Problem statement:
Please set down exactly the lines from the one that contains "Eclairage pour vélo - Ref 2398892 Image 4" through the end of the material, leaving out every picture.

Data excerpt:
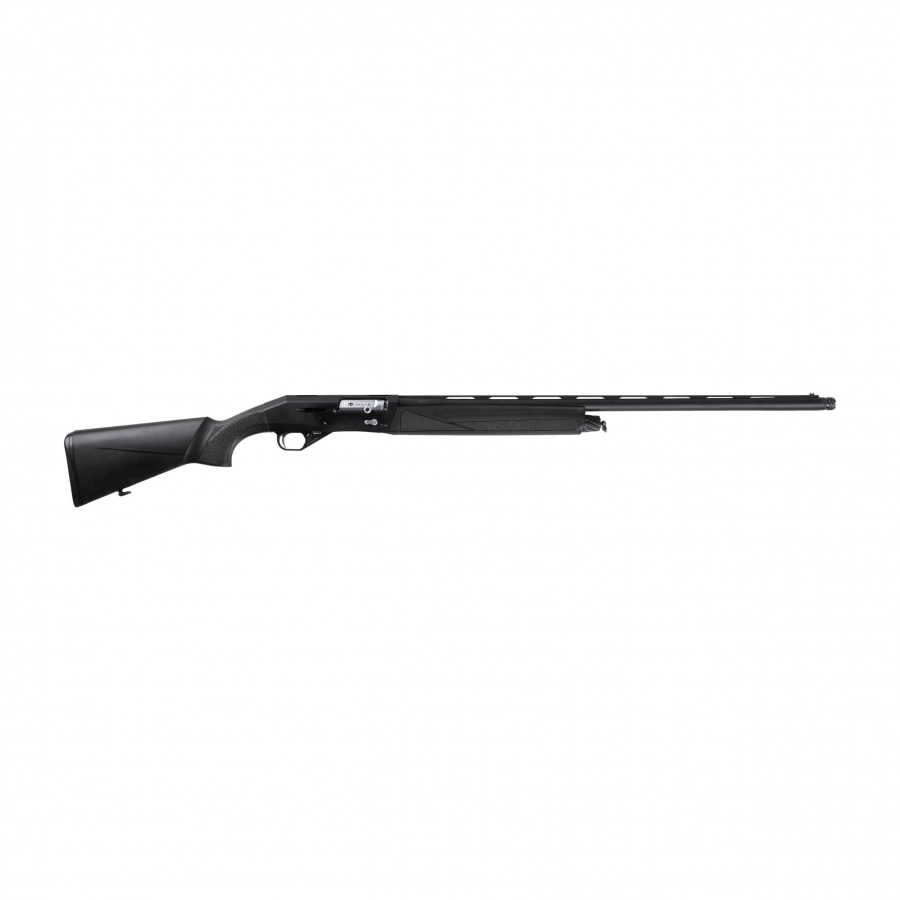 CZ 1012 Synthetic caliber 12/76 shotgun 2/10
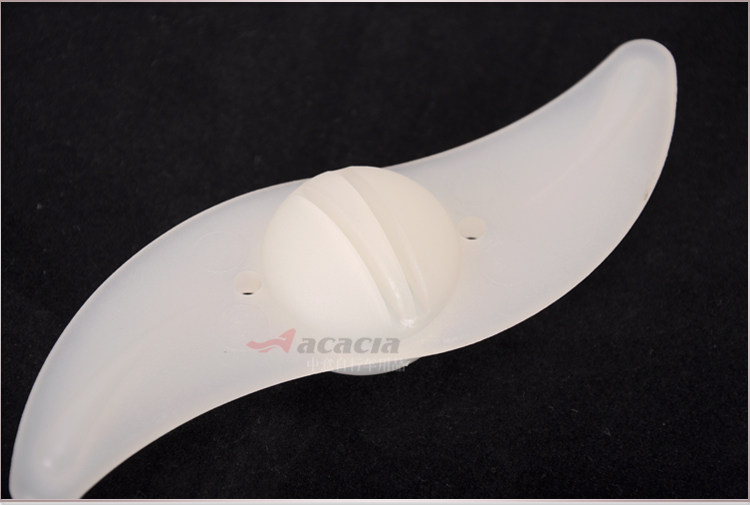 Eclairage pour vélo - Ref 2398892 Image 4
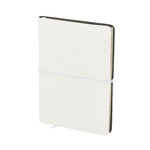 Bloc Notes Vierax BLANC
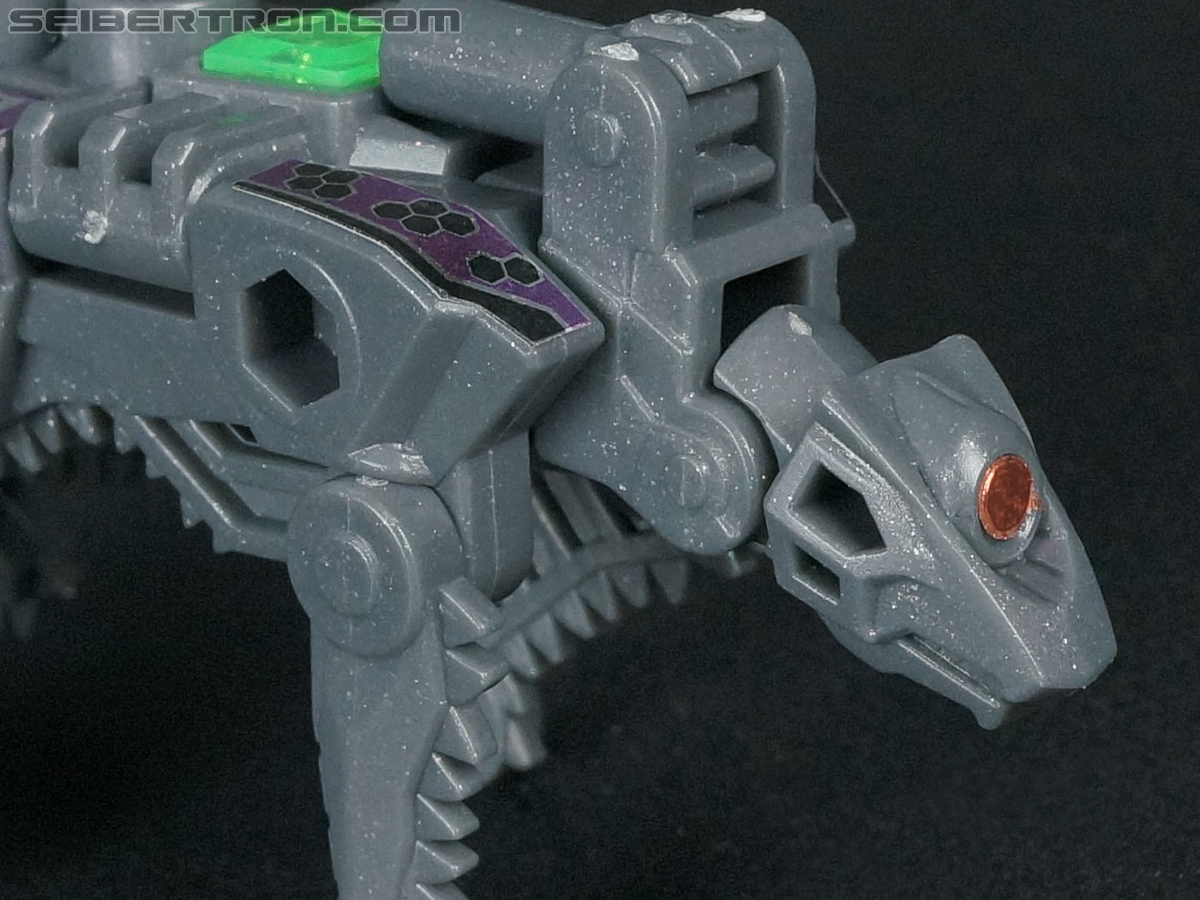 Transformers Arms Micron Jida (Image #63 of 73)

Response:
 Eclairage pour vélo - Ref 2398892 Image 4
 Bloc Notes Vierax BLANC
 Transformers Arms Micron Jida (Image #63 of 73)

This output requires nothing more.